**Work to complete**
Extract the records in full, leaving every picture out.

**Extracted entries**

....

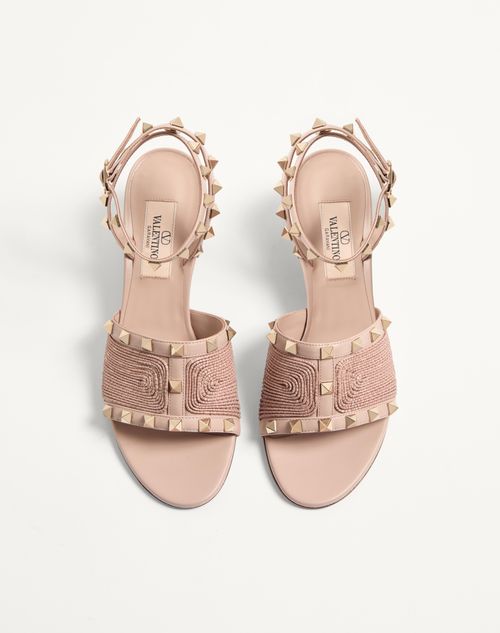 Valentino Garavani - Rockstud Calfskin Sandal With Cornely Embroidery 60mm - Beige Rose - Woman - Sandals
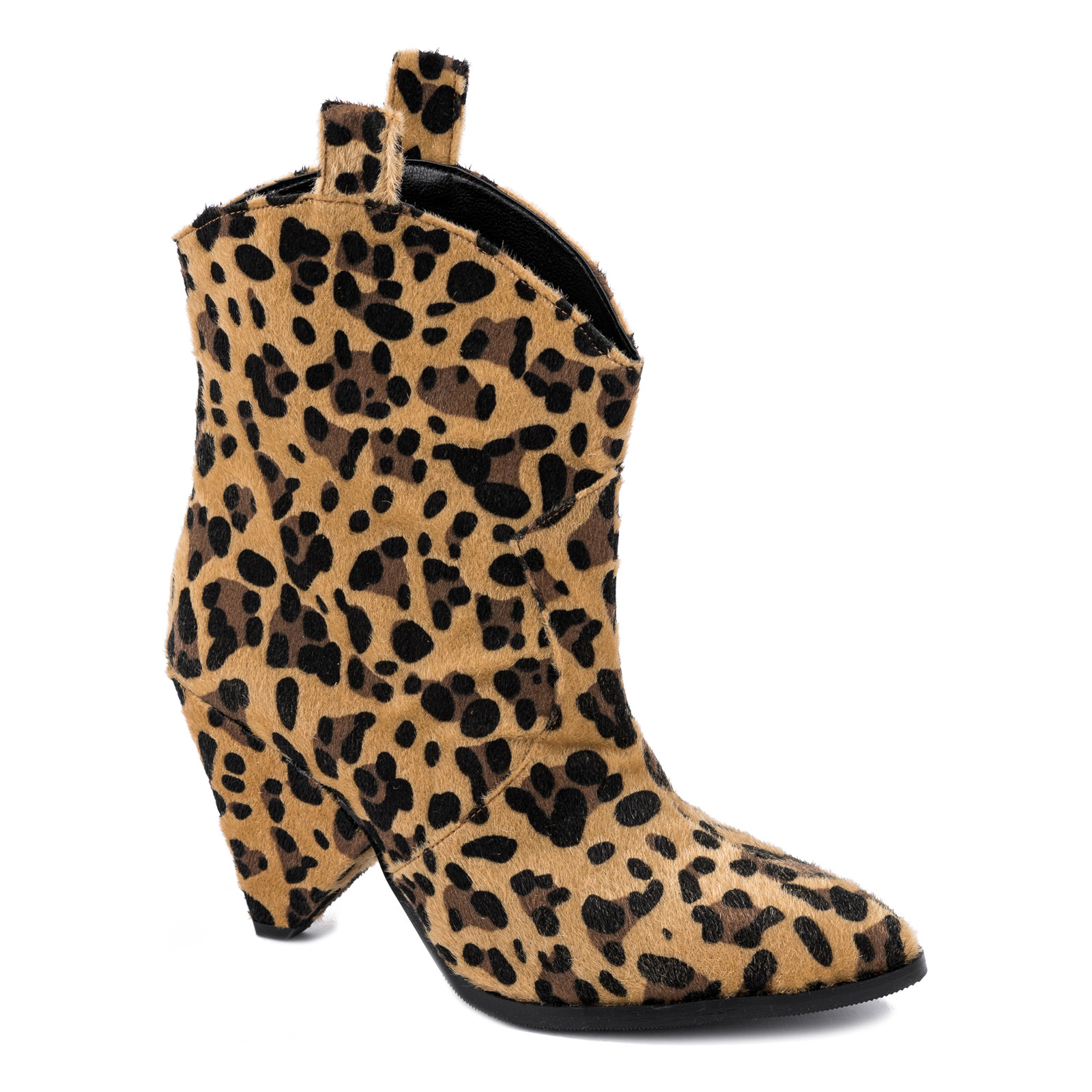 LEOPARD ANKLE BOOTS WITH BLOCK HEEL 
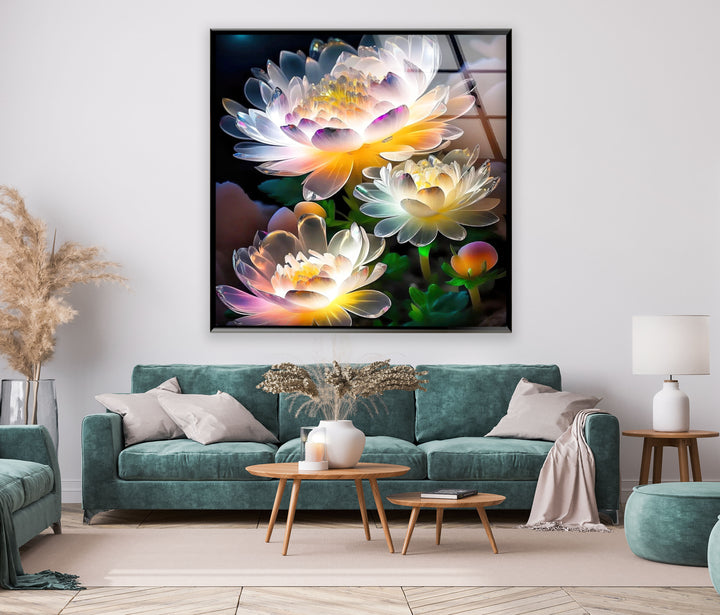 Luminous Lotus Flower Glass Wall Art, art glass wall art, glass wall art pictures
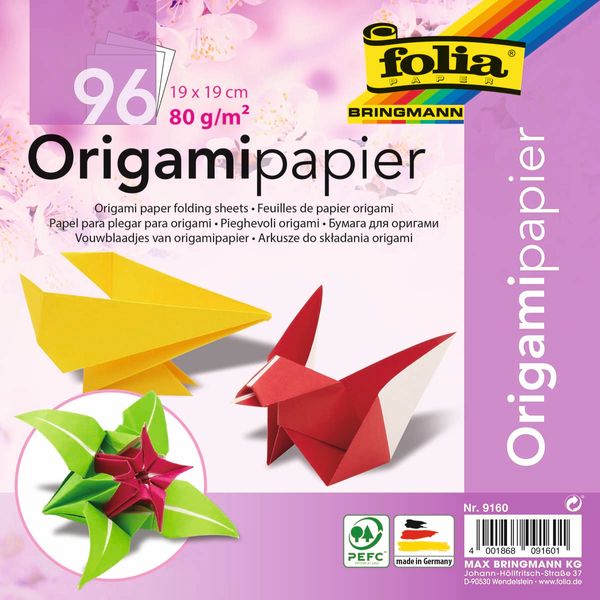 Origamipapier, 19x19 cm, 96 Blatt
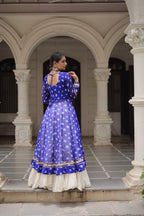 NAVRATRI SPECIAL BLUE COLOR KORA COTTON BASE STYLISH KURTI WITH LEHENGA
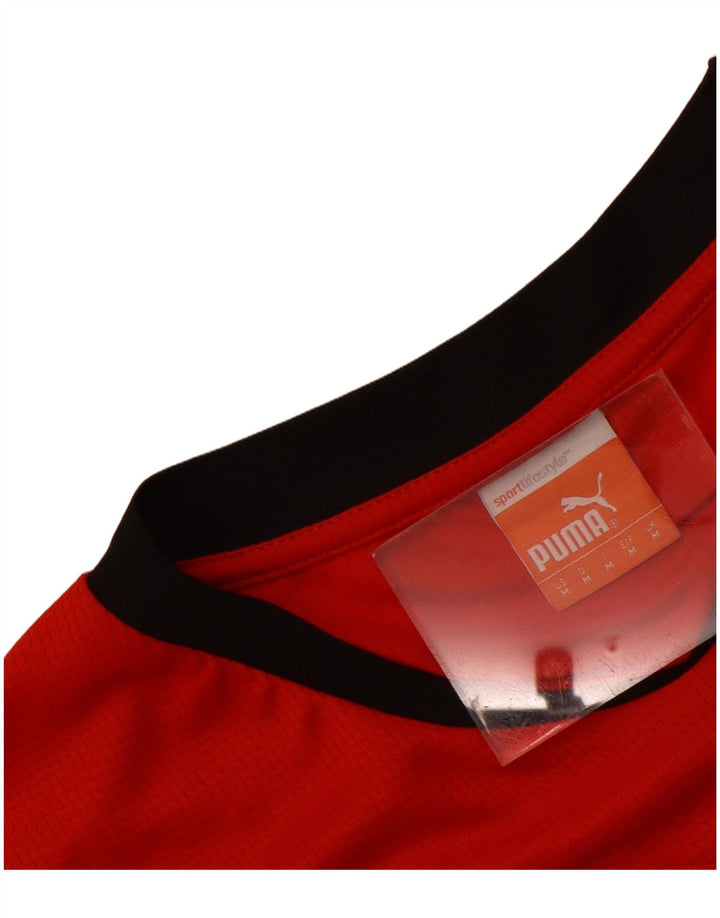 Maglia Puma da uomo a maniche lunghe, rosso medio, color block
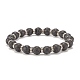 Bracelet extensible en pierre de lave naturelle avec des perles de strass en cristal BJEW-JB08191-02-1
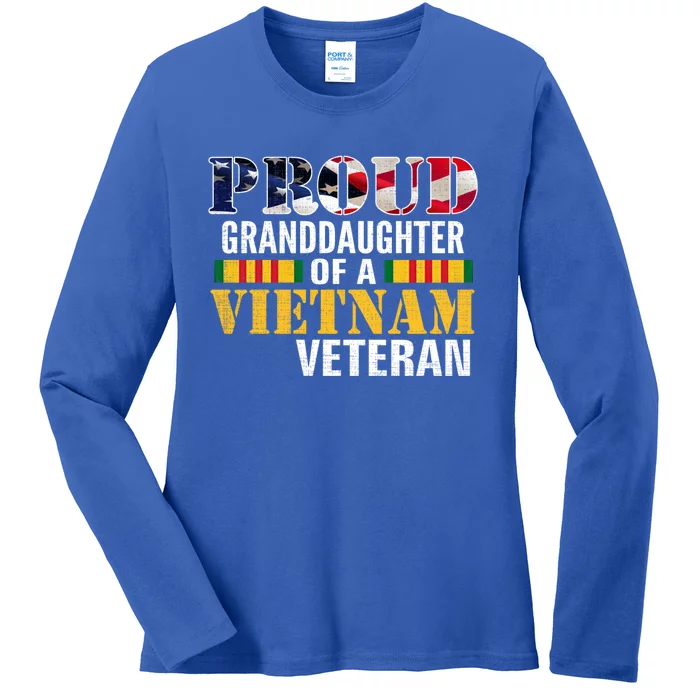 Proud Granddaughter Of A Vietnam Veteran Gift Veteran Day Great Gift Ladies Long Sleeve Shirt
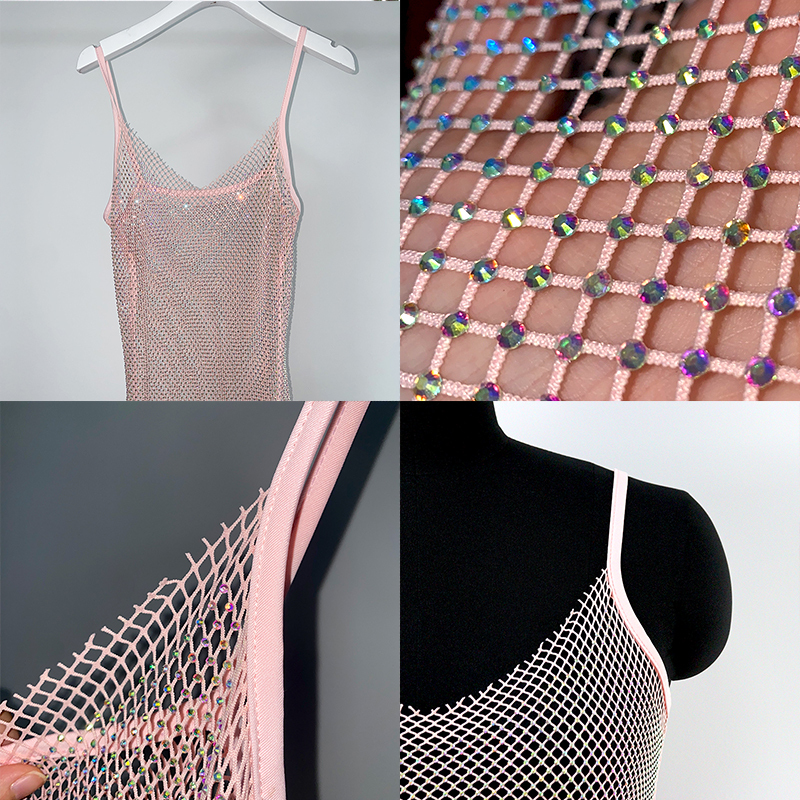 Bling Pink Crystal Mesh Spaghetti Strap Short Dress Exporter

....

**Task output**
 Valentino Garavani - Rockstud Calfskin Sandal With Cornely Embroidery 60mm - Beige Rose - Woman - Sandals
 LEOPARD ANKLE BOOTS WITH BLOCK HEEL 
 Luminous Lotus Flower Glass Wall Art, art glass wall art, glass wall art pictures
 Origamipapier, 19x19 cm, 96 Blatt
 NAVRATRI SPECIAL BLUE COLOR KORA COTTON BASE STYLISH KURTI WITH LEHENGA
 Maglia Puma da uomo a maniche lunghe, rosso medio, color block
 Bracelet extensible en pierre de lave naturelle avec des perles de strass en cristal BJEW-JB08191-02-1
 Proud Granddaughter Of A Vietnam Veteran Gift Veteran Day Great Gift Ladies Long Sleeve Shirt
 Bling Pink Crystal Mesh Spaghetti Strap Short Dress Exporter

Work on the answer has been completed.